Listed Building – Grade II*
- Official name: Maerdy Farmhouse
- Designated: 27 October 2000
- Reference no.: 24311

Listed Building – Grade II
- Official name: Barn and Cider House at The Maerdy
- Designated: 27 October 2000
- Reference no.: 24312

Listed Building – Grade II
- Official name: Stable and Shelter Shed at The Maerdy
- Designated: 27 October 2000
- Reference no.: 24313

= Maerdy Farmhouse, Llanvihangel-Ystern-Llewern =

Maerdy Farmhouse (The Maerdy), Llanvihangel-Ystern-Llewern, Monmouthshire is a farmhouse dating from about 1700. Extended later in the 18th century, it is an early example of the use of brick, rather than stone, in Monmouthshire. The farmhouse is Grade II* listed with its stableblock and shelter shed, and its barn and cider house having their own Grade II listings.

==History==
The farmhouse dates from the very late 17th century and is an early example for Monmouthshire of the use of brick, rather than stone, as a construction material. The first recorded owners are the Hughes family, a monument to John Hughes of the "Mardee", who died in 1792, being located in the Church of St Michael and All Angels, Llanvihangel-Ystern-Llewern. (Note: Joseph Bradney, in the Hundred of Skenfrith volume of his A History of Monmouthshire from the Coming of the Normans into Wales down to the Present Time, records that Thomas Hughes, one of Joseph Hughes' three sons, "obtained repute as Master of the Grammar School at Colwall in Herefordshire".) In the 19th century the farm was bought by John Etherington Welch Rolls, as part of his expansion of The Hendre estate at nearby Rockfield. Maerdy remains the privately owned farmhouse of an active farm. In July 2025 the farm was marketed for sale.

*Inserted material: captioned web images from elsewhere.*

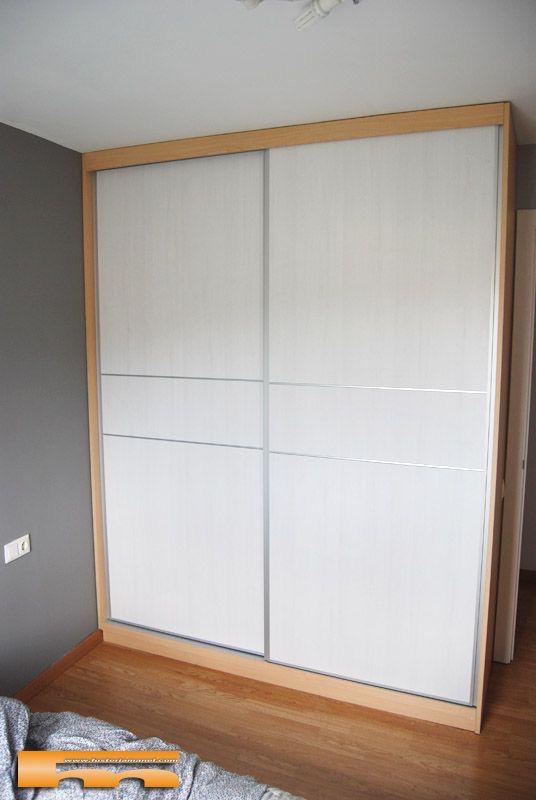 top-wardrobe-dealers-manufacturers-in-noida-greater-noida-india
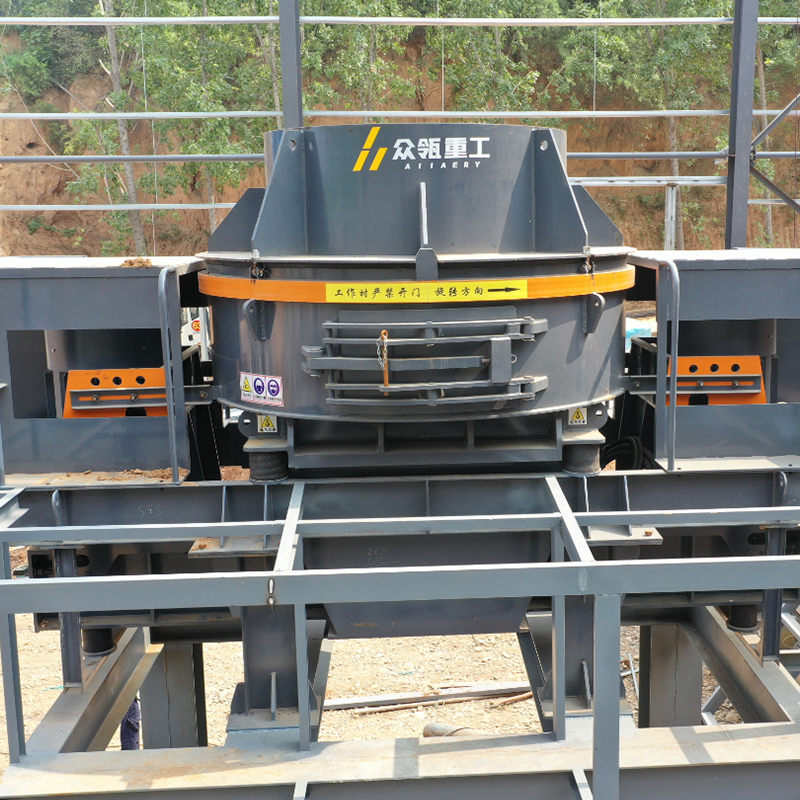 1623830753396711.jpg 未標題-1.jpg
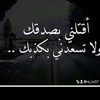 w_lo07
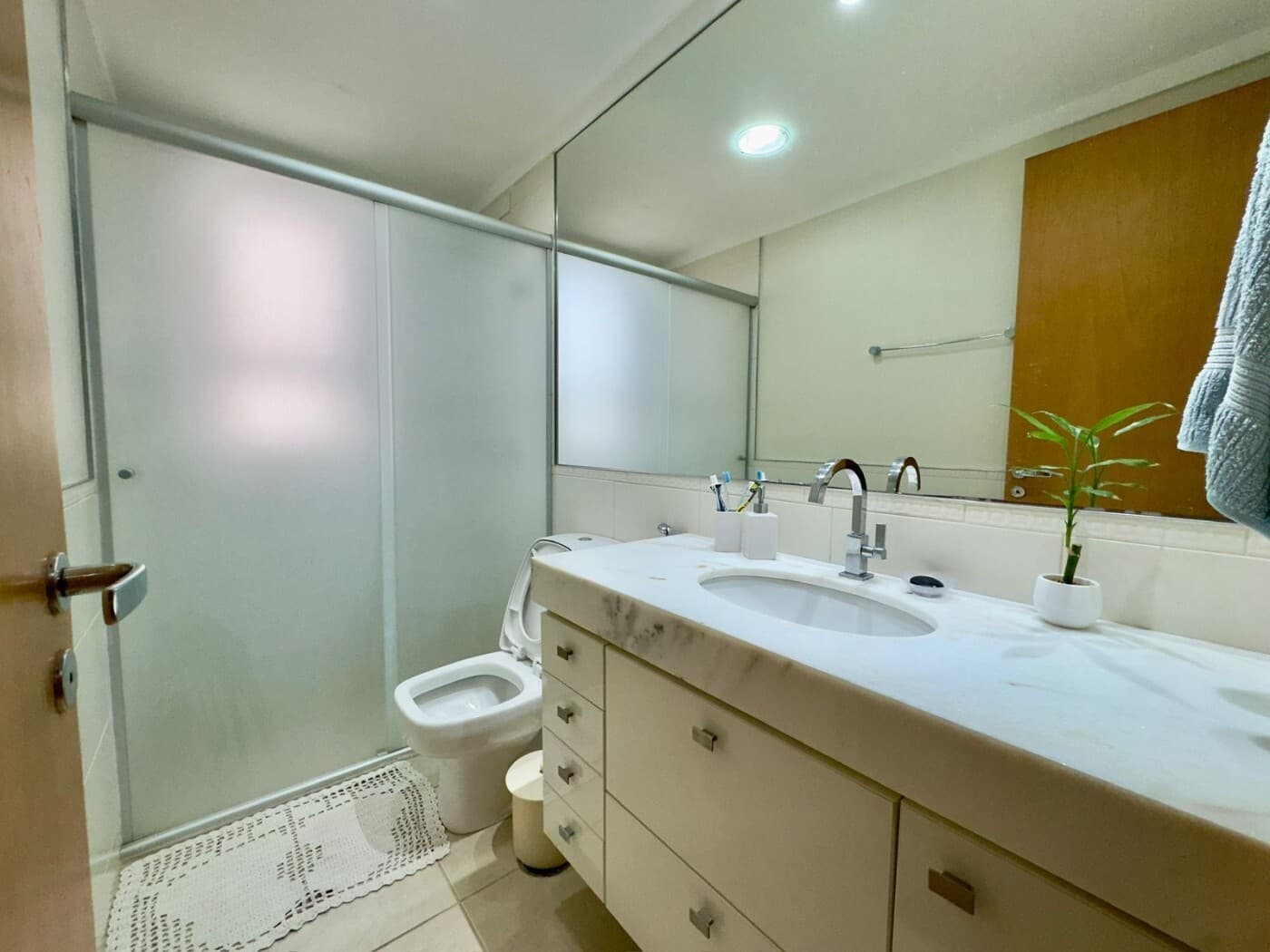 Apartamento à venda no bairro Jardim Canadá em Ribeirão Preto/SP - foto 15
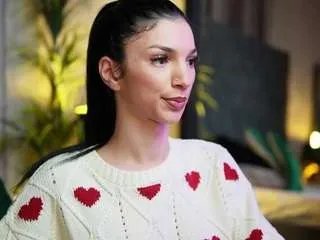 Offline miamicandy on CamSoda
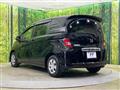2016 Honda Freed Spike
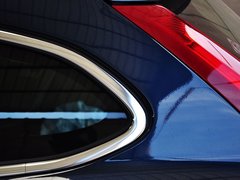 2015款 2.0T 自动 T5 智逸版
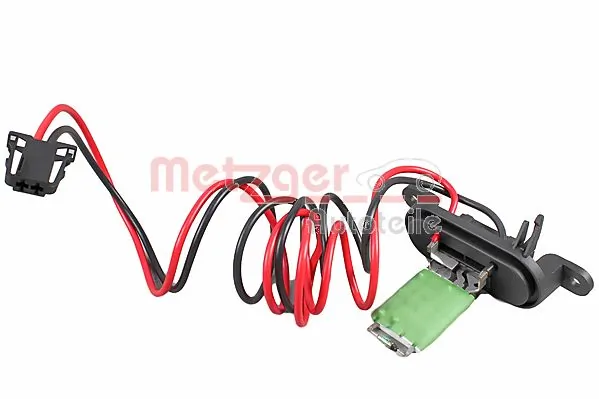 Metzger 0917366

==Architecture and description==
The architectural historian John Newman considers that Maerdy is the latest of the three houses of red brick constructed in the area around 1700, the others being The Pant and Upper Red House. The farmhouse is built on an L-plan, and is of two storeys with attics, and a roof of Welsh slate. It is Grade II* listed, Cadw recording it as "a fine Renaissance house, an early essay in the use of brick in the region". The stable block and shelter shed, and the cider house and barn, have separate Grade II listings.

== Sources ==
- Bradney, Joseph Alfred (1991). "The Hundred of Skenfrith"
- Newman, John (2000). "Gwent/Monmouthshire"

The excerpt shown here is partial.